Only one stretch of the records below should be repeated. It starts with the line containing "Vintage Old Race" and goes on through the line containing "Alpine Swiss Men's", exactly as written.

[Data extracts]:
----

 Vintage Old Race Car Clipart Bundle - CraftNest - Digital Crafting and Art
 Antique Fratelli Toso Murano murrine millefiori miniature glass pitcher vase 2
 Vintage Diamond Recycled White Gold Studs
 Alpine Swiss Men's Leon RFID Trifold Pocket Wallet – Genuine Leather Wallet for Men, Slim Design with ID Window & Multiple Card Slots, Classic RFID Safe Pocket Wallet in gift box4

----

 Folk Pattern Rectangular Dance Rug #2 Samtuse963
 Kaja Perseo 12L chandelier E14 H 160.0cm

----

[Task solution]:
 Vintage Old Race Car Clipart Bundle - CraftNest - Digital Crafting and Art
 Antique Fratelli Toso Murano murrine millefiori miniature glass pitcher vase 2
 Vintage Diamond Recycled White Gold Studs
 Alpine Swiss Men's Leon RFID Trifold Pocket Wallet – Genuine Leather Wallet for Men, Slim Design with ID Window & Multiple Card Slots, Classic RFID Safe Pocket Wallet in gift box4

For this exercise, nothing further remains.